Work order: Each record that follows should be reproduced in full, character for character.

Material shown:

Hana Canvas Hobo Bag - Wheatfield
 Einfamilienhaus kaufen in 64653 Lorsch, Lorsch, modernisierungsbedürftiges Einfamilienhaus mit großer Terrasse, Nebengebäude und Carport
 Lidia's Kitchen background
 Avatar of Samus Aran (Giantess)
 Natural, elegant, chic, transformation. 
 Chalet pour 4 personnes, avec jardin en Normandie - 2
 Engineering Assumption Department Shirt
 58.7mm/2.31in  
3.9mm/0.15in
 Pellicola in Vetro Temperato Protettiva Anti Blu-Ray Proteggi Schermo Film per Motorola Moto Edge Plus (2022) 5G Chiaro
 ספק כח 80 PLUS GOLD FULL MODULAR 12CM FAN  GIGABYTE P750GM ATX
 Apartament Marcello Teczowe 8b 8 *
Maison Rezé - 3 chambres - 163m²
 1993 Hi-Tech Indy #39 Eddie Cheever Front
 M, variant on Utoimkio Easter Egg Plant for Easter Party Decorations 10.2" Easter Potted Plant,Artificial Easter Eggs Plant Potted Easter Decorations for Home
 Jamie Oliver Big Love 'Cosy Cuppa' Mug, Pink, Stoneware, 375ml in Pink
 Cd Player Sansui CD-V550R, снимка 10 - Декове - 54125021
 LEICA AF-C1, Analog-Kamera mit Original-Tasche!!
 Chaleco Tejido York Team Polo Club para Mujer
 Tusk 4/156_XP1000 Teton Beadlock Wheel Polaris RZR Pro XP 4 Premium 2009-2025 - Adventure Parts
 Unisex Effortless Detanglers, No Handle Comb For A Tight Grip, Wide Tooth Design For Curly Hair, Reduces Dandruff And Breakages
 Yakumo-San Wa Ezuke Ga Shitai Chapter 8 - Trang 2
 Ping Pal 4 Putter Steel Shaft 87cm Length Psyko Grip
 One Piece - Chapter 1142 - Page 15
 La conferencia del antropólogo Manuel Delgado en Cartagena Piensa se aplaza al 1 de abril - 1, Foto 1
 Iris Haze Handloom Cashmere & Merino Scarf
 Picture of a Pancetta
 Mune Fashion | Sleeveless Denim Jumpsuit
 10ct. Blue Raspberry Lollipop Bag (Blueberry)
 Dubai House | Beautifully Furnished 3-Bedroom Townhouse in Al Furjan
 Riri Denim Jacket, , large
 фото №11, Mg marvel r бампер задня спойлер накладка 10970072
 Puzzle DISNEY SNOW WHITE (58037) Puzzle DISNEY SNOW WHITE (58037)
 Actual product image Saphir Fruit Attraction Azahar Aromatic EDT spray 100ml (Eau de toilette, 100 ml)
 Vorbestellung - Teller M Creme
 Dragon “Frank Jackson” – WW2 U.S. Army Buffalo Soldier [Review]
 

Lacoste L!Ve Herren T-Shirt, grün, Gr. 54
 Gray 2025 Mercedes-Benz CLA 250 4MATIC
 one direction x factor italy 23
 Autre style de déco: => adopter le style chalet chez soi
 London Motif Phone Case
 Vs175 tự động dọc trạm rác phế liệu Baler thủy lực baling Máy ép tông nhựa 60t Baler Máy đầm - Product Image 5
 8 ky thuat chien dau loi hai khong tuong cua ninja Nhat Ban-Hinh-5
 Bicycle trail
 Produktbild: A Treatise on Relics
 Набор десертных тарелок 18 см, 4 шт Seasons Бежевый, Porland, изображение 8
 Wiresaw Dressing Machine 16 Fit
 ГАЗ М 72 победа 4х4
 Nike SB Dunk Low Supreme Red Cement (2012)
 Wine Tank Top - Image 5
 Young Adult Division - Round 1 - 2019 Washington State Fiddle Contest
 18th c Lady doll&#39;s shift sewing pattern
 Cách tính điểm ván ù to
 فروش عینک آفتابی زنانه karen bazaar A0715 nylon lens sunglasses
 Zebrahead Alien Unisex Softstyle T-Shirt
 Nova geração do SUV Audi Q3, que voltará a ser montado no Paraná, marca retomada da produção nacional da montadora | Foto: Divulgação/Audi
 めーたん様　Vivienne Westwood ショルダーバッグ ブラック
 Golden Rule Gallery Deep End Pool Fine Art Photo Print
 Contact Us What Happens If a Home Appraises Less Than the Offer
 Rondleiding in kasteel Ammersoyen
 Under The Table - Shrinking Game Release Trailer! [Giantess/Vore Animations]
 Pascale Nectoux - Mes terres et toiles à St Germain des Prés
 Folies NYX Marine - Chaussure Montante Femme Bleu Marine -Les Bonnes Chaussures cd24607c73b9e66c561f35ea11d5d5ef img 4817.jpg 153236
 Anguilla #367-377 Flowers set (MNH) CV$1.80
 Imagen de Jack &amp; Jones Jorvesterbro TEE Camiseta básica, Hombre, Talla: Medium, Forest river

Reply to the task:
Hana Canvas Hobo Bag - Wheatfield
 Einfamilienhaus kaufen in 64653 Lorsch, Lorsch, modernisierungsbedürftiges Einfamilienhaus mit großer Terrasse, Nebengebäude und Carport
 Lidia's Kitchen background
 Avatar of Samus Aran (Giantess)
 Natural, elegant, chic, transformation. 
 Chalet pour 4 personnes, avec jardin en Normandie - 2
 Engineering Assumption Department Shirt
 58.7mm/2.31in  
3.9mm/0.15in
 Pellicola in Vetro Temperato Protettiva Anti Blu-Ray Proteggi Schermo Film per Motorola Moto Edge Plus (2022) 5G Chiaro
 ספק כח 80 PLUS GOLD FULL MODULAR 12CM FAN  GIGABYTE P750GM ATX
 Apartament Marcello Teczowe 8b 8 *
Maison Rezé - 3 chambres - 163m²
 1993 Hi-Tech Indy #39 Eddie Cheever Front
 M, variant on Utoimkio Easter Egg Plant for Easter Party Decorations 10.2" Easter Potted Plant,Artificial Easter Eggs Plant Potted Easter Decorations for Home
 Jamie Oliver Big Love 'Cosy Cuppa' Mug, Pink, Stoneware, 375ml in Pink
 Cd Player Sansui CD-V550R, снимка 10 - Декове - 54125021
 LEICA AF-C1, Analog-Kamera mit Original-Tasche!!
 Chaleco Tejido York Team Polo Club para Mujer
 Tusk 4/156_XP1000 Teton Beadlock Wheel Polaris RZR Pro XP 4 Premium 2009-2025 - Adventure Parts
 Unisex Effortless Detanglers, No Handle Comb For A Tight Grip, Wide Tooth Design For Curly Hair, Reduces Dandruff And Breakages
 Yakumo-San Wa Ezuke Ga Shitai Chapter 8 - Trang 2
 Ping Pal 4 Putter Steel Shaft 87cm Length Psyko Grip
 One Piece - Chapter 1142 - Page 15
 La conferencia del antropólogo Manuel Delgado en Cartagena Piensa se aplaza al 1 de abril - 1, Foto 1
 Iris Haze Handloom Cashmere & Merino Scarf
 Picture of a Pancetta
 Mune Fashion | Sleeveless Denim Jumpsuit
 10ct. Blue Raspberry Lollipop Bag (Blueberry)
 Dubai House | Beautifully Furnished 3-Bedroom Townhouse in Al Furjan
 Riri Denim Jacket, , large
 фото №11, Mg marvel r бампер задня спойлер накладка 10970072
 Puzzle DISNEY SNOW WHITE (58037) Puzzle DISNEY SNOW WHITE (58037)
 Actual product image Saphir Fruit Attraction Azahar Aromatic EDT spray 100ml (Eau de toilette, 100 ml)
 Vorbestellung - Teller M Creme
 Dragon “Frank Jackson” – WW2 U.S. Army Buffalo Soldier [Review]
 

Lacoste L!Ve Herren T-Shirt, grün, Gr. 54
 Gray 2025 Mercedes-Benz CLA 250 4MATIC
 one direction x factor italy 23
 Autre style de déco: => adopter le style chalet chez soi
 London Motif Phone Case
 Vs175 tự động dọc trạm rác phế liệu Baler thủy lực baling Máy ép tông nhựa 60t Baler Máy đầm - Product Image 5
 8 ky thuat chien dau loi hai khong tuong cua ninja Nhat Ban-Hinh-5
 Bicycle trail
 Produktbild: A Treatise on Relics
 Набор десертных тарелок 18 см, 4 шт Seasons Бежевый, Porland, изображение 8
 Wiresaw Dressing Machine 16 Fit
 ГАЗ М 72 победа 4х4
 Nike SB Dunk Low Supreme Red Cement (2012)
 Wine Tank Top - Image 5
 Young Adult Division - Round 1 - 2019 Washington State Fiddle Contest
 18th c Lady doll&#39;s shift sewing pattern
 Cách tính điểm ván ù to
 فروش عینک آفتابی زنانه karen bazaar A0715 nylon lens sunglasses
 Zebrahead Alien Unisex Softstyle T-Shirt
 Nova geração do SUV Audi Q3, que voltará a ser montado no Paraná, marca retomada da produção nacional da montadora | Foto: Divulgação/Audi
 めーたん様　Vivienne Westwood ショルダーバッグ ブラック
 Golden Rule Gallery Deep End Pool Fine Art Photo Print
 Contact Us What Happens If a Home Appraises Less Than the Offer
 Rondleiding in kasteel Ammersoyen
 Under The Table - Shrinking Game Release Trailer! [Giantess/Vore Animations]
 Pascale Nectoux - Mes terres et toiles à St Germain des Prés
 Folies NYX Marine - Chaussure Montante Femme Bleu Marine -Les Bonnes Chaussures cd24607c73b9e66c561f35ea11d5d5ef img 4817.jpg 153236
 Anguilla #367-377 Flowers set (MNH) CV$1.80
 Imagen de Jack &amp; Jones Jorvesterbro TEE Camiseta básica, Hombre, Talla: Medium, Forest river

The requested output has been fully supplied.